I have a problem which I seem to be solving incorrectly. Here it goes.
John would like to send 8 different pictures to his girlfriend in 5 equal envelopes. In how many many ways can he send them given that each envelope must have at least one picture?
The solution I came with comes from the rationale that the 8 pictures can be sent into three major different ways:
1. Four pictures in one envelope and one picture in each of the remainder (4 + 1 + 1 + 1 + 1)
- In this case, we would have ${8}\choose{4}$.
2. Three pictures in one envelope, two pictures in another and one picture each of the remainder (3 + 2 + 1 + 1 + 1)

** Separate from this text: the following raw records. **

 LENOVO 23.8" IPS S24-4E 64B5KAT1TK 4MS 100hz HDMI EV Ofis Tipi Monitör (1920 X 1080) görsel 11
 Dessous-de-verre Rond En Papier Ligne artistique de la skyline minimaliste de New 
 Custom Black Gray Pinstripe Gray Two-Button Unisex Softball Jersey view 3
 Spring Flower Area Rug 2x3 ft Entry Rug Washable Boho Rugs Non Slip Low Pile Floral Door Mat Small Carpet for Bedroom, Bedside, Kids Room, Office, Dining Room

- In this case, we would have ${8}\choose{3}$ $\times$ ${5}\choose{2}$.
3. Two pictures in three of the envelopes and one picture in each of the remainder (2 + 2 + 2 + 1 + 1)
- In this case, we would have ${8}\choose{2}$ $\times$ ${6}\choose{2}$ $\times$ ${4}\choose{2}$.
Overall, we would have ${8}\choose{4}$ $+$ ${8}\choose{3}$ $\times$ ${5}\choose{2}$ $+$ ${8}\choose{2}$ $\times$ ${6}\choose{2}$ $\times$ ${4}\choose{2}$ $= 3150$
However, the answer seems to be $1050$. How come? What is wrong in this rationale?
Can you please help? Thank you very much. All the best.
If you wish to avoid a "division by symmetry" argument like the one that @Joffan uses in his answer, you may instead count the number of outcomes in case 3 in the following way:
Temporarily assume that the pictures have a particular order (e.g. when they were taken).
First, pick what six pictures are used for the envelopes that receive two pictures each. This can be done in $\binom{8}{6}$ ways.
Next, take the "smallest" (as per the order we discussed earlier, e.g. newest) picture and pick which of the remaining five of the designated pictures will be placed in the same envelope as it. Then, take the smallest of those remaining and pick what picture goes with that. Finally, the remaining two pictures will go into their own envelope together.
This gives a total of $\binom{8}{6}\cdot 5\cdot 3$ outcomes in this case (which happens to agree with Joffan's answer of $\binom{8}{2}\cdot\binom{6}{2}\cdot\binom{4}{2}\cdot \frac{1}{6}$)